И все это – светоносные строки
Государственности,
Великой книги,
Созданной историей
И наполненной шумом времени.
Если перелистать
Страницы этой книги
На сто лет назад
И еще на несколько десятилетий
В глубину истории,
Можно увидеть
Черную бурку Ермолова
На площади в Тифлисе,
Услышать голос Грибоедова
В Тебризе,
Узнать Пушкина в одиноком всаднике,
Который скачет по склонам гор
Благословенной Грузии
И поднимается по каменистым тропам
Заповедной Армении.
Он останавливает коня на перевале,
Чтобы отыскать глазами вершины Арарата…
"Кавказ принял нас в свое святилище",
Когда ты просыпаешься
И распахиваешь окна,
Локаторы пеленгуют пространство.
Часы показывают московское время,
И самолет преодолевает звуковой барьер.

На референдуме о судьбе Союза, вместе или порознь, Эдуард Григорьевич поставил "за", вместе, жену и дочь подхватил и нес поток, они – "против", Майя Михайловна разрывалась между телевизором и "Эхом Москвы", легко выходила на баррикады защищать демократию – "Смотри, чтоб тебя там не раздавили", – он говорил ей в спину, что он думал про смерть Империи – неизвестно, только обрывки: "Горбачеву не надо было ничего говорить, а тихо дать мужикам землю. А они бы из-за забора закидали нас колбасой", "Жданов грязно обругал Зощенко и Ахматову, но ведь правильно выбрал лучших!"

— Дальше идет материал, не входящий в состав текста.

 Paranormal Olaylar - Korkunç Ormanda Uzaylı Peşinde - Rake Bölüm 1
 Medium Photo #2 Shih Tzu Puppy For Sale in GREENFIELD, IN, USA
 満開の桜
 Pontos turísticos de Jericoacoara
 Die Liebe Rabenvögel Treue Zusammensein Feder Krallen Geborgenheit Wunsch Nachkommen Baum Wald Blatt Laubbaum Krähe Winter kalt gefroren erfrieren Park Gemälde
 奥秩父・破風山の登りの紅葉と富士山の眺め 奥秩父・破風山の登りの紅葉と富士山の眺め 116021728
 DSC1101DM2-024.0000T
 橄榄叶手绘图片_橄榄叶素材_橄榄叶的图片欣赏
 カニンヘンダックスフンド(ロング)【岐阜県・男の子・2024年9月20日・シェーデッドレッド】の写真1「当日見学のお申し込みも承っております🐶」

"Россия – страна кладов Кощея, позарыты на каждом шагу", "Сталинский режим, совершенно вненациональный, даже внечеловеческий, во внешней политике осуществил все чаяния Российской Империи. Поэтому старые интеллигенты не могли напрочь отрицать Сталина. Они видели кровь, но ценили силу", "Сталин сделал адскую машину, и она идет по рельсам. Но он никому не сказал, как она устроена. Дергаем за одно, а срабатывает другое". По пути, посреди зимы, согласно кивая, мы ругали урода Ельцина, демократическое быдло, презирающее наше Отечество, и в счастливом облегчении от совпадений я трогал будни: "Ну, а за кого будете на выборах в Госдуму голосовать?". – "За Карякина". – "За Карякина?!" (Вот за это самое то, что гвоздили мы сейчас, в самом похабном варианте?!) – "Да. Он алкоголик".

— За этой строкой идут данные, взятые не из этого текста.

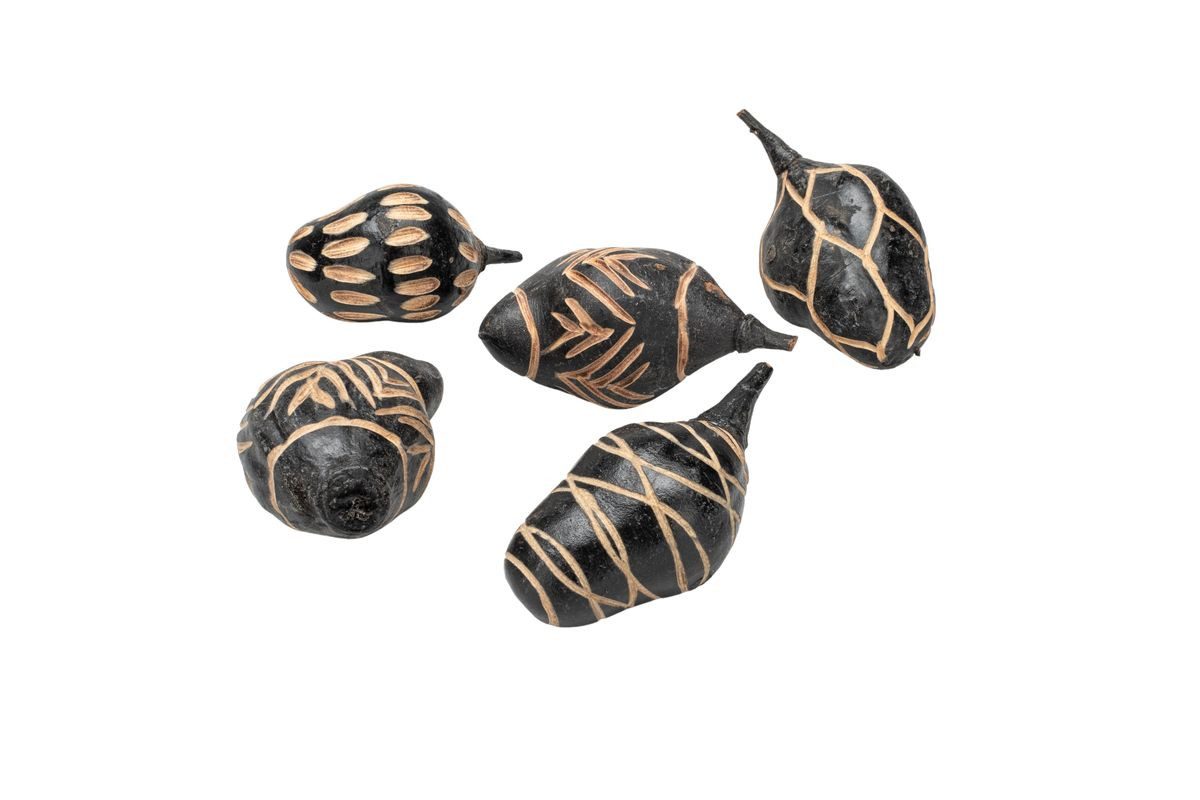 NaDeco Bastelnaturmaterial Baobab mini 5 Stück ca. 5-10 cm Mix Design in Schwarz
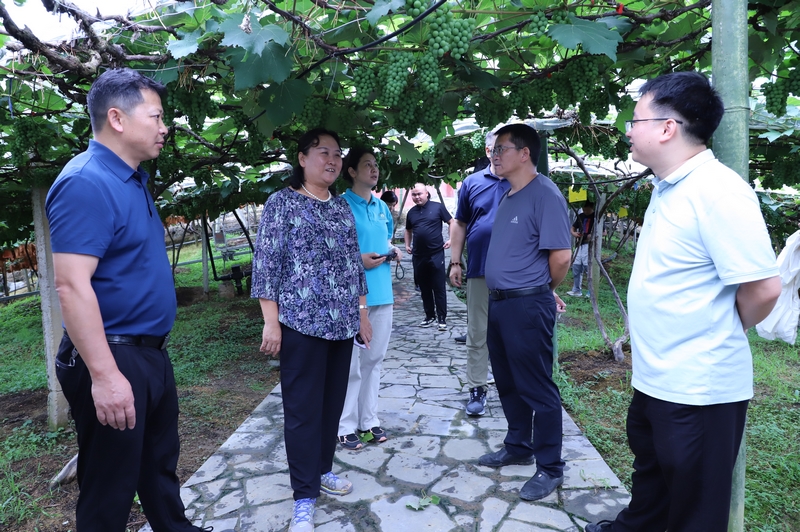 查看葡萄長勢情況。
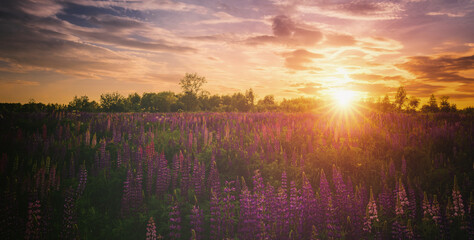 Summer landscape with purple wild flower lupine field and bright sunrise or sunset sky. Nature scenic backdrop for calm, peace, and serenity concept. Vintage film aesthetic.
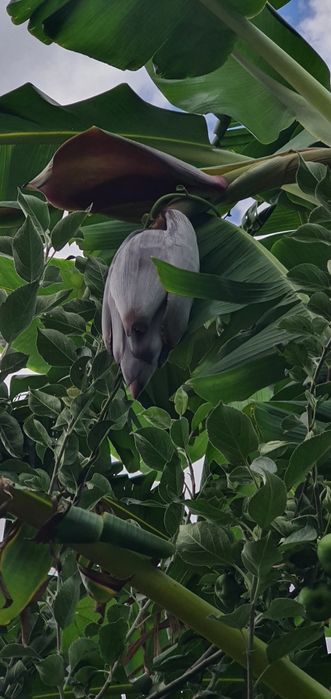 Coração de Bananeira Umbigo de Bananeira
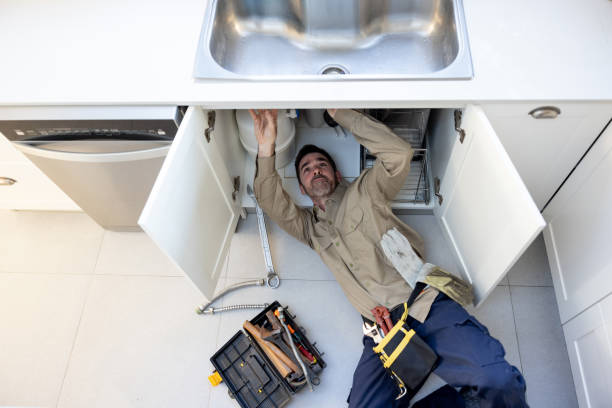 Best Local Plumber Services  in Denton, MD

Через три месяца после смерти Эдуарда Григорьевича Бабаева, в июне, его семья попросила меня забрать тираж его последней книги из издательства. Я страдал: поймаю ли на Поварской свободный грузовик, но тираж – две пачки книжек тоньше школьной тетрадки – поместился в одной сумке, я ехал на частнике и листал. "Рекламная библиотечка поэта", "Собиратель трав". Тираж 1000 экземпляров. Цена договорная.

"Задумали для поддержки писателей издать крохотные книжечки стихов, чуть ли не всем. Дошла очередь до меня. Я рукопись сдал, к печати она двигалась медленно. И как-то зашел в издательство, там сидит серьезный человек "на рукописях", обстоятельный, все знает, про каждого у него в блокноте записано, раскрывает и читает. Я ему говорю: "Хотел внести некоторые исправления. Посидел тут с рукописью на свободе и в голову пришло…". Он просто взорвался: "Где вы нашли свободу?!". Я: "Хочу переделать буквально пару строф". – "Как фамилия?" – "Бабаев". "Так, Бабаев… – человек полистал блокнот. – Нельзя. Ваша рукопись уже в производстве". – "Так вот же она на полке лежит". – "Это уже не ваша рукопись. Это наша рукопись. Вы что хотите, чтобы мы ее дважды редактировали?" – "Жаль. А вот в девятнадцатом веке один литератор прибежал в типографию, где печаталась его книга, и умолял дать ему возможность внести исправления. Наборщики качали головами: поздно, уже вертятся машины. Литератор сорвал с руки золотые часы: вам! Наборщики: а-а, ладно, где там ваши правки, только живей!" Человек "на рукописях" внимательно выслушал и осведомился: "Часики при вас?"".